Well to start with we left Southampton about the 29th June and got to Malta in about 10 day’s time, we had the most glorious weather imaginable and frightfully hot with the sea like a mill pond the whole way. We passed Gibraltar early one morning and all got up to have a look at it, though it was a good way off the Rock looked magnificent in the early morning sun. We passed closer to the Moroccan side which looked very fine indeed. The next land we saw was the glorious Sierra Nevada and afterwards the north coast of Algeria. We passed a very interesting island called Dansellaria [probably Pantelleria] off the coast of Tunis and belonging to Italy; It is all most wonderfully terraced for wine growing and looks very fertile.
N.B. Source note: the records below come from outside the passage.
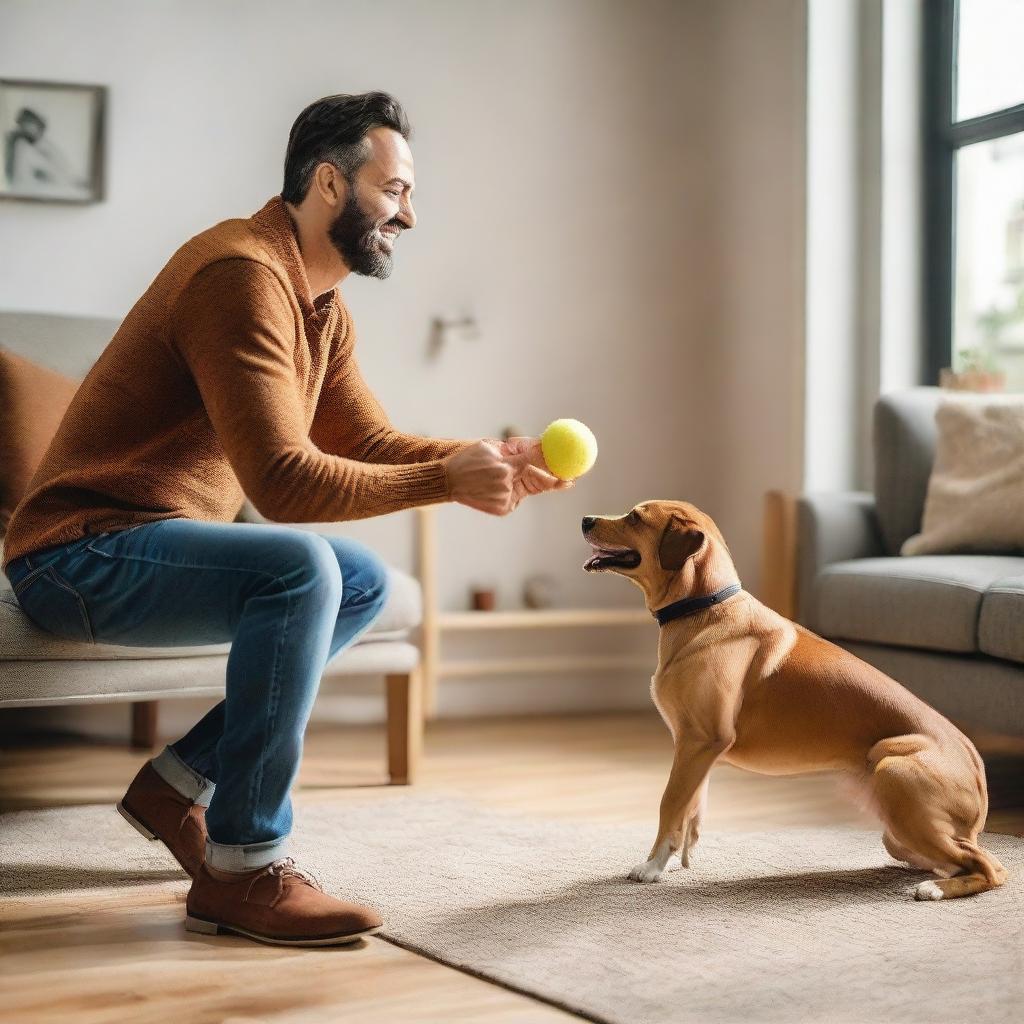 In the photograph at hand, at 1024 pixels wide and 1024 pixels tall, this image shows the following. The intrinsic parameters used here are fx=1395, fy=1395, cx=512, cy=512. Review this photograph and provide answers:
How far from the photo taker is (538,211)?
12.6 ft

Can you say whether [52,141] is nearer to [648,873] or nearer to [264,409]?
[264,409]

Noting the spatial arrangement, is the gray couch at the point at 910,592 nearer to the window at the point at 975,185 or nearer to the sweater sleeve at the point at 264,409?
the window at the point at 975,185

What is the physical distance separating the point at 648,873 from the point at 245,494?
2.64 feet

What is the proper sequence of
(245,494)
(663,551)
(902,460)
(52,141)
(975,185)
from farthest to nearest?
(975,185)
(52,141)
(902,460)
(663,551)
(245,494)

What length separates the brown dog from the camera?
1.92 meters

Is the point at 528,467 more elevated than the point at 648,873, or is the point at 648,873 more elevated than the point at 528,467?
the point at 528,467

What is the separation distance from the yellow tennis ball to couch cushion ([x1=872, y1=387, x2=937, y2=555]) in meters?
1.41

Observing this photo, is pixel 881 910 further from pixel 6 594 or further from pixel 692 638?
pixel 6 594

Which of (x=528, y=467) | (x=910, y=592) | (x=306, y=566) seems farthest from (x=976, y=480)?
(x=306, y=566)

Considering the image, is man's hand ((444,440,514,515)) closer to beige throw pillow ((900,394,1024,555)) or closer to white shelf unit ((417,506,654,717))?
beige throw pillow ((900,394,1024,555))

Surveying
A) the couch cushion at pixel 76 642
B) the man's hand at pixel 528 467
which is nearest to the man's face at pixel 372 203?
the man's hand at pixel 528 467

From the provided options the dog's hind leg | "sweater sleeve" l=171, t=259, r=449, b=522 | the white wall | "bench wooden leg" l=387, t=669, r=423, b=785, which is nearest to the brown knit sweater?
"sweater sleeve" l=171, t=259, r=449, b=522

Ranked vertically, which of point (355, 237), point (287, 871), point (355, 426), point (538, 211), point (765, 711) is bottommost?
point (287, 871)

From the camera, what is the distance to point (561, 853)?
2229mm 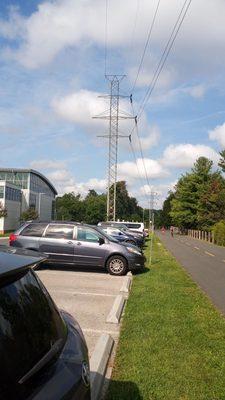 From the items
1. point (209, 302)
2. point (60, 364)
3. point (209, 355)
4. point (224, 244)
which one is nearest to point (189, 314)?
point (209, 302)

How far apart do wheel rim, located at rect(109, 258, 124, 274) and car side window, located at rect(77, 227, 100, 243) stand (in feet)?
2.87

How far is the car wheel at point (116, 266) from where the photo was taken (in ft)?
52.2

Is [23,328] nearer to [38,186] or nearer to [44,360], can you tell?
[44,360]

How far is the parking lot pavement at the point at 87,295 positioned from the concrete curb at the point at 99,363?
20 centimetres

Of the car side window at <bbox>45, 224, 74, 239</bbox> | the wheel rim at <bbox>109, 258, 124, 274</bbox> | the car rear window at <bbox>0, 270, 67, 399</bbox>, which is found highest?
the car side window at <bbox>45, 224, 74, 239</bbox>

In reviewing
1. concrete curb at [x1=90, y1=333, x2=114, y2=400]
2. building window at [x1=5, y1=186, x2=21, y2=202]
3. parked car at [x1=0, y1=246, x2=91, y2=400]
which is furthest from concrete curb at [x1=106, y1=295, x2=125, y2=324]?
building window at [x1=5, y1=186, x2=21, y2=202]

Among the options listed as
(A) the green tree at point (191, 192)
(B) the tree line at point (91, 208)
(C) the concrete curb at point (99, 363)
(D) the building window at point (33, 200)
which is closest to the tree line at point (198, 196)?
(A) the green tree at point (191, 192)

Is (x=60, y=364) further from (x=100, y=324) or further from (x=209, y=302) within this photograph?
(x=209, y=302)

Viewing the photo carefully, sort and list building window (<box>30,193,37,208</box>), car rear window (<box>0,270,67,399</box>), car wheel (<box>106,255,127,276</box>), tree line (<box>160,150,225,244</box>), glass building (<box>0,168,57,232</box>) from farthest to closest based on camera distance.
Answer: building window (<box>30,193,37,208</box>) → glass building (<box>0,168,57,232</box>) → tree line (<box>160,150,225,244</box>) → car wheel (<box>106,255,127,276</box>) → car rear window (<box>0,270,67,399</box>)

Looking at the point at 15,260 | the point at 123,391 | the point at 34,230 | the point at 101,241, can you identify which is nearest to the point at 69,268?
the point at 101,241

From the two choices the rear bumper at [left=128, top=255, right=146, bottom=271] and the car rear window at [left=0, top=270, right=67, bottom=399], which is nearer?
the car rear window at [left=0, top=270, right=67, bottom=399]

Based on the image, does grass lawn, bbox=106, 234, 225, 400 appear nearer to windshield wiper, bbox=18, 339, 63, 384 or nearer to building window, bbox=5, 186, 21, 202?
windshield wiper, bbox=18, 339, 63, 384

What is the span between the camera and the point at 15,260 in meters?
2.81

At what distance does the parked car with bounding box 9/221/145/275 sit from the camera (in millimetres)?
15992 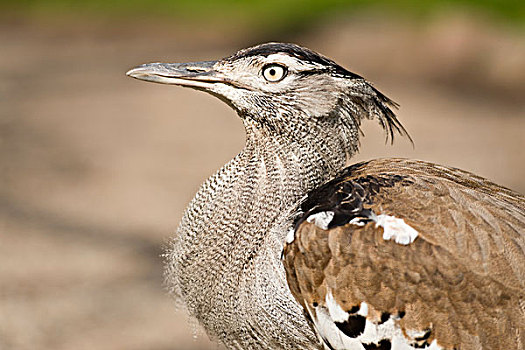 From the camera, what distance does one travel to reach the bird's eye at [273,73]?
221 centimetres

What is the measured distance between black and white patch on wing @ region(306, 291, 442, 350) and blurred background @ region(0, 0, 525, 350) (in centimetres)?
55

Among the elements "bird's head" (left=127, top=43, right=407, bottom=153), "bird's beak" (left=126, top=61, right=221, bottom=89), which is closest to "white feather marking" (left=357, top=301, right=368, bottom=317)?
"bird's head" (left=127, top=43, right=407, bottom=153)

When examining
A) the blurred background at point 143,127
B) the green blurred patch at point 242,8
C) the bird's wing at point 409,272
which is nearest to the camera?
the bird's wing at point 409,272

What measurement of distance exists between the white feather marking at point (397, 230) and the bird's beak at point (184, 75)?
64 centimetres

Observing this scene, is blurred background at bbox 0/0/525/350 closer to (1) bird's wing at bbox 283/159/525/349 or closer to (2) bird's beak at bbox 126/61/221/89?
(1) bird's wing at bbox 283/159/525/349

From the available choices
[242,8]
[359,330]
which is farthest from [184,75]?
[242,8]

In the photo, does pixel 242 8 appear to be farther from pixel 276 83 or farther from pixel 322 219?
pixel 322 219

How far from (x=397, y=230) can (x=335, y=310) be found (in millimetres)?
264

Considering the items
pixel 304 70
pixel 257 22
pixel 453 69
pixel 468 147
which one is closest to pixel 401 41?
pixel 453 69

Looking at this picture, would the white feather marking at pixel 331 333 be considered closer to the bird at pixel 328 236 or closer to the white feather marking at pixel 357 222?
the bird at pixel 328 236

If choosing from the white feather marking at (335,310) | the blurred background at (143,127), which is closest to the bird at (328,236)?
the white feather marking at (335,310)

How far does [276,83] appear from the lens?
2.21 m

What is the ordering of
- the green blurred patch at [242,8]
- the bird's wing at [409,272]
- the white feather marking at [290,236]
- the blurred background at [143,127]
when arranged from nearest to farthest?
the bird's wing at [409,272] → the white feather marking at [290,236] → the blurred background at [143,127] → the green blurred patch at [242,8]

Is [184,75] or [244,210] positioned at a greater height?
[184,75] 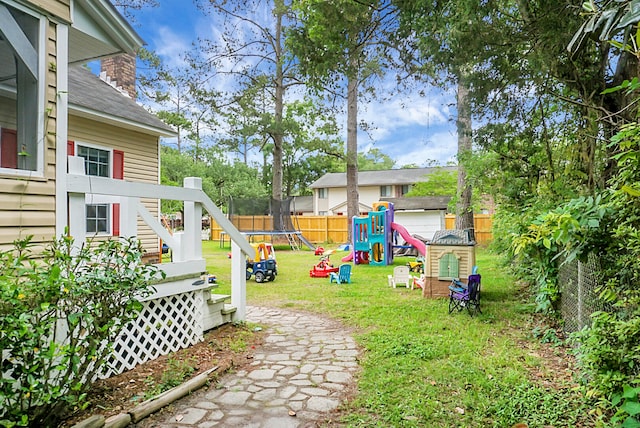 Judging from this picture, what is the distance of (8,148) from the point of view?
9.83 feet

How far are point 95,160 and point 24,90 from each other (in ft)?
20.5

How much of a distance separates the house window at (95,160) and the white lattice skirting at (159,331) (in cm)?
592

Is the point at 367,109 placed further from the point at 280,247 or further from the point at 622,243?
the point at 622,243

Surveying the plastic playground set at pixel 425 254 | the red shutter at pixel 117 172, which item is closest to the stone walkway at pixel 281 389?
the plastic playground set at pixel 425 254

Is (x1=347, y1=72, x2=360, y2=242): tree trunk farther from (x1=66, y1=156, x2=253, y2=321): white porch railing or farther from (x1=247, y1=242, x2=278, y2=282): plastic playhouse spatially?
(x1=66, y1=156, x2=253, y2=321): white porch railing

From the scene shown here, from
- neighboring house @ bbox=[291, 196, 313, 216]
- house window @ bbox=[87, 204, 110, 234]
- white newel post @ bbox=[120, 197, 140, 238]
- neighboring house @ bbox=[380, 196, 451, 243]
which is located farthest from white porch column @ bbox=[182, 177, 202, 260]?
neighboring house @ bbox=[291, 196, 313, 216]

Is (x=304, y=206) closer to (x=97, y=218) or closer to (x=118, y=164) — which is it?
(x=118, y=164)

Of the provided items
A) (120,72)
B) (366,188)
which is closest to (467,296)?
(120,72)

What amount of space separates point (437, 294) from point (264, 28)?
14.9 metres

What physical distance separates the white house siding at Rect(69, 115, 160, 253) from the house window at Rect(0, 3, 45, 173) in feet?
18.8

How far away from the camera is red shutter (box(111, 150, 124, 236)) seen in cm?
899

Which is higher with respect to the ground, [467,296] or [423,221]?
[423,221]

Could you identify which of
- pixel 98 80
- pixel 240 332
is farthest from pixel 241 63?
pixel 240 332

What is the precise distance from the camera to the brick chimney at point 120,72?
11.3m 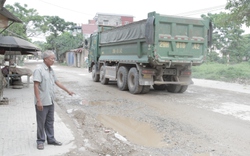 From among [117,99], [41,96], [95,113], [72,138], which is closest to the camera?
[41,96]

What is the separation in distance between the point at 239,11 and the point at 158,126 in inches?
392

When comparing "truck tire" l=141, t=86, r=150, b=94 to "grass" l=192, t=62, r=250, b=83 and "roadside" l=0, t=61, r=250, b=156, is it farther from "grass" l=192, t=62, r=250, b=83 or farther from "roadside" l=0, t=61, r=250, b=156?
"grass" l=192, t=62, r=250, b=83

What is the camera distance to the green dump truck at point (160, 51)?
32.3 ft

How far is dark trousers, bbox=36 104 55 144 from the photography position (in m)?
4.37

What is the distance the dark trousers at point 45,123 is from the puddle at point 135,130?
1614 millimetres

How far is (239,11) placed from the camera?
1341cm

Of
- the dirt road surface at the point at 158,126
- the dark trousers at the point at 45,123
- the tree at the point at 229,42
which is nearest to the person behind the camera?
the dark trousers at the point at 45,123

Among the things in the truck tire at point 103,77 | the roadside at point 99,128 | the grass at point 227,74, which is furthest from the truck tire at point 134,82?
the grass at point 227,74

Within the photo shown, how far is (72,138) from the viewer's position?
16.1 feet

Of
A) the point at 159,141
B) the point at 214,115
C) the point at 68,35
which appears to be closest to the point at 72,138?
the point at 159,141

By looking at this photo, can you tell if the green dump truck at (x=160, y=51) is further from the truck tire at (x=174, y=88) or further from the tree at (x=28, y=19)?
the tree at (x=28, y=19)

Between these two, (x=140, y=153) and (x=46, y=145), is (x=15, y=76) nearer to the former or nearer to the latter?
(x=46, y=145)

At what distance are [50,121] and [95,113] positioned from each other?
3003mm

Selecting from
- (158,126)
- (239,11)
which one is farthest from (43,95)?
(239,11) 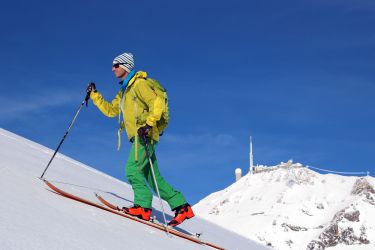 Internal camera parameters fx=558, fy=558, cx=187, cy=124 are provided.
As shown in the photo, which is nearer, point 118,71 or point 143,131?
point 143,131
Well we arrived at Malta early in the morning and all got up to look at it; I never was so surprised to find it such a barren place and the weird way the houses are built there are most extraordinary. We were not allowed ashore as we were told that we were leaving in an hour but of course we ended by staying till 2pm when we left for the Dardanelles. During the morning the Maltese came alongside the ship in boats and sold all sorts of things, Maltese lace etc which we got very cheaply after beating them down. We lowered baskets over the side of the ship with the money in and hauled up the things. We had a lovely trip up to the Dardanelles passing quite close to Cape Matapan on the south side of Greece but didn’t see much of the Greek islands as it was dark when we passed them. We did not go straight up to the Dardanelles but anchored in a bay of an island about 50 miles away and stayed there 4 days.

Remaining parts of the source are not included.